> _WORK ITEM_
Apart from the pictures, which must be omitted, restate the data exactly.

> _EXERCISE DATA_
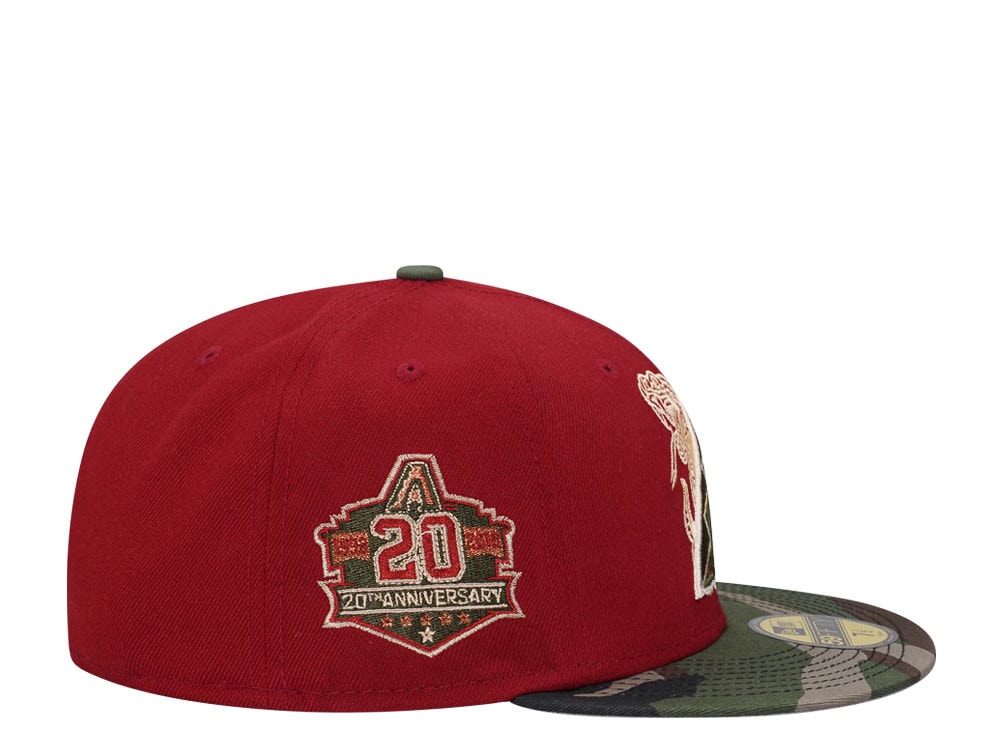 New Era Arizona Diamondbacks 20th Anniversary Brick Camo Two Tone Edition 59Fifty Fitted Casquette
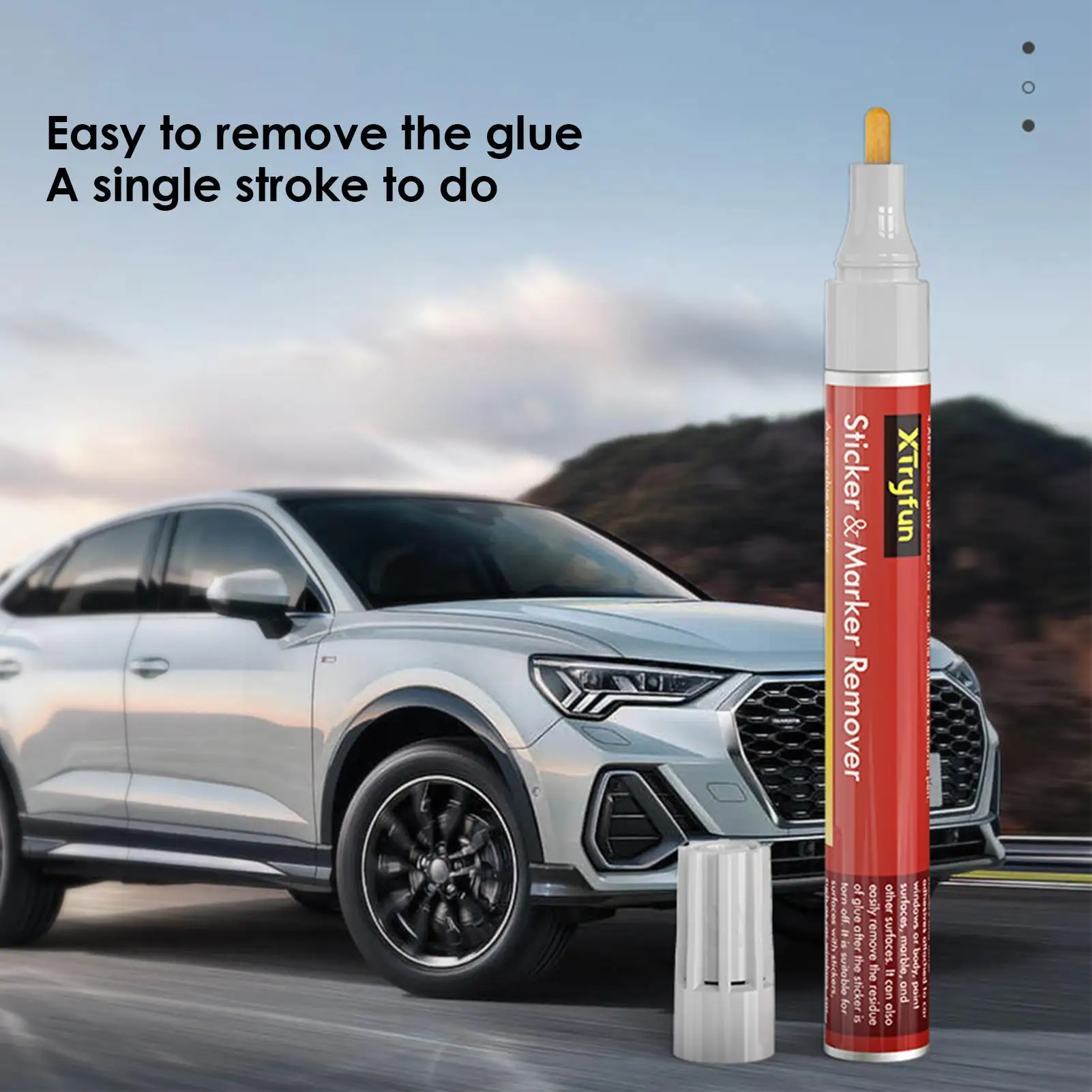 

Удобная практичная ручка для удаления клея, портативное средство для очистки от клея, безопасное и эффективное средство для удаления наклеек и грязи для салона автомобиля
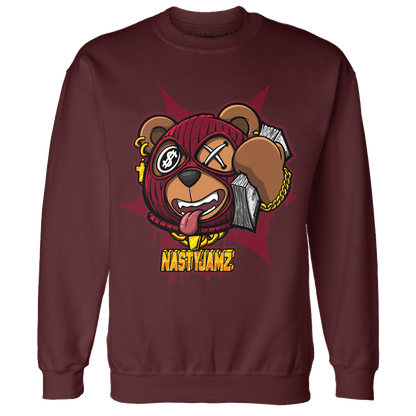High White Team Red 1s Sweatshirt Match Money Motive BER - NastyJamz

> _ANSWER FOR THE TASK_
 New Era Arizona Diamondbacks 20th Anniversary Brick Camo Two Tone Edition 59Fifty Fitted Casquette

Удобная практичная ручка для удаления клея, портативное средство для очистки от клея, безопасное и эффективное средство для удаления наклеек и грязи для салона автомобиля
High White Team Red 1s Sweatshirt Match Money Motive BER - NastyJamz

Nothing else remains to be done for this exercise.